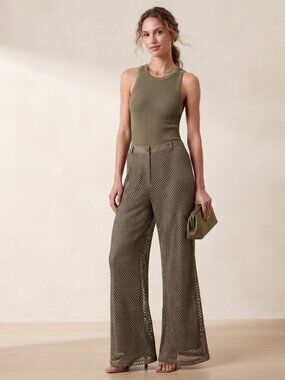 Le Lis Olive Green Open-Knit Fishnet Wide-Leg Pants Lined Size Large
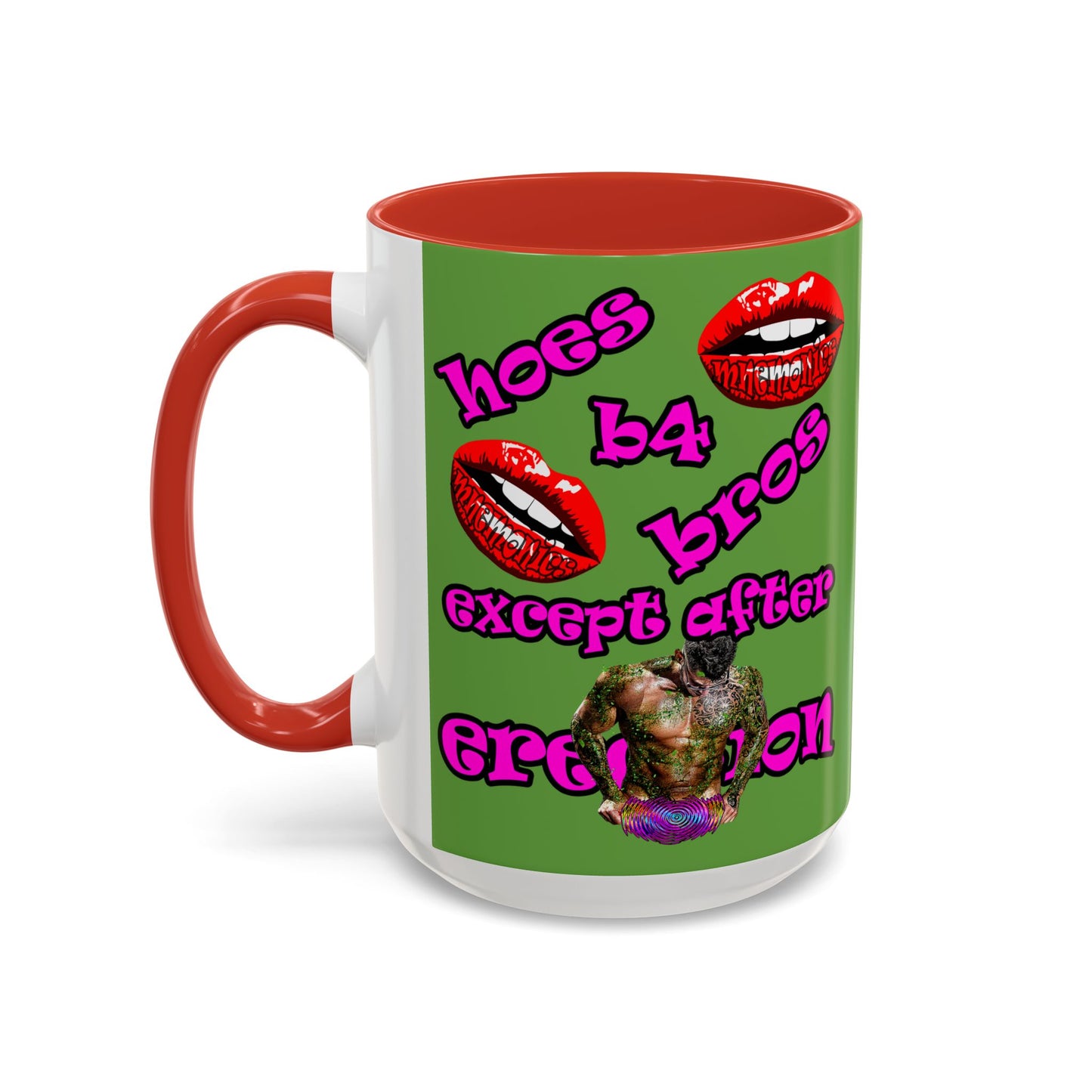 hoes b4 bros - Accent Mug (green)
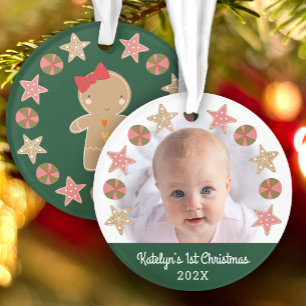 Première photo de bébé de Noël Fille au pain d'épi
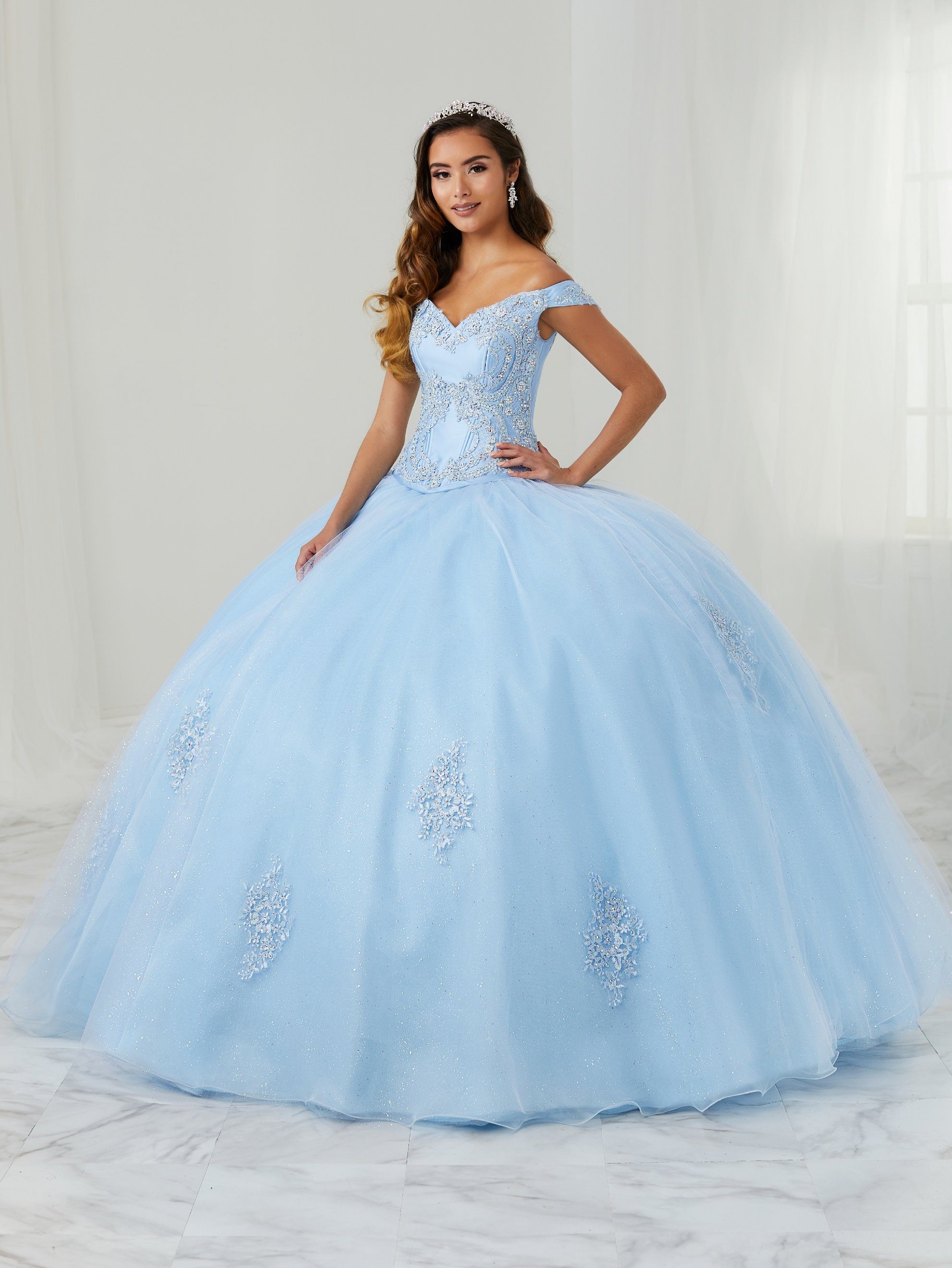 Beaded Off Shoulder Quinceanera Dress by LA Glitter 24086 ABC Fashion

## PROMPT
The response is the full listing, copied exactly, with the pictures omitted.

## OUTPUT OF THE TASK
 Le Lis Olive Green Open-Knit Fishnet Wide-Leg Pants Lined Size Large
 hoes b4 bros - Accent Mug (green)
 Première photo de bébé de Noël Fille au pain d'épi
 Beaded Off Shoulder Quinceanera Dress by LA Glitter 24086 ABC Fashion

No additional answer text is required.